DATA SUPPLIED |
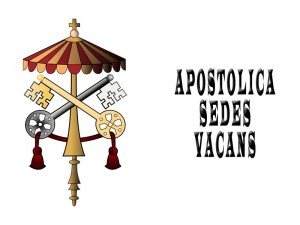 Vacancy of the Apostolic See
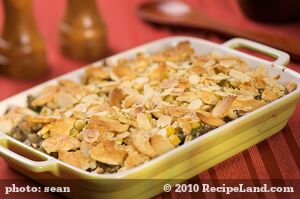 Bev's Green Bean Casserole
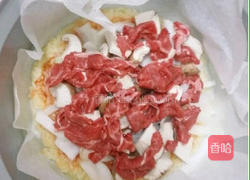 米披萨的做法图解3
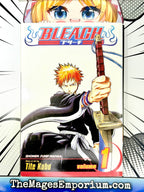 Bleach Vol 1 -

...

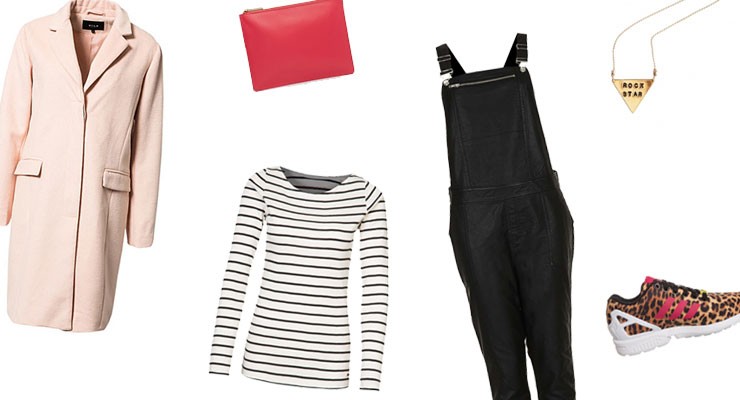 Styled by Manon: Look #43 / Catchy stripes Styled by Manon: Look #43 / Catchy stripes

--

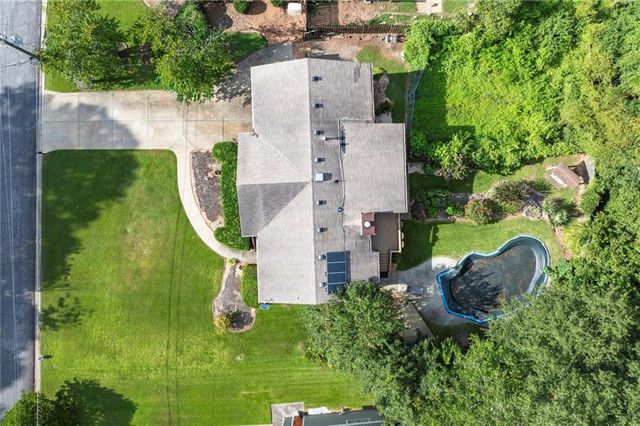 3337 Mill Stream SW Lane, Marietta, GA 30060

EXERCISE DESCRIPTION |
Above are entries with pictures among them. Write out exactly the lines from the one containing "Vacancy of the Apostolic See" through the one containing "Bleach Vol 1", ends included, and leave those pictures out.

SOLUTION BELOW |
 Vacancy of the Apostolic See
 Bev's Green Bean Casserole
 米披萨的做法图解3
 Bleach Vol 1 -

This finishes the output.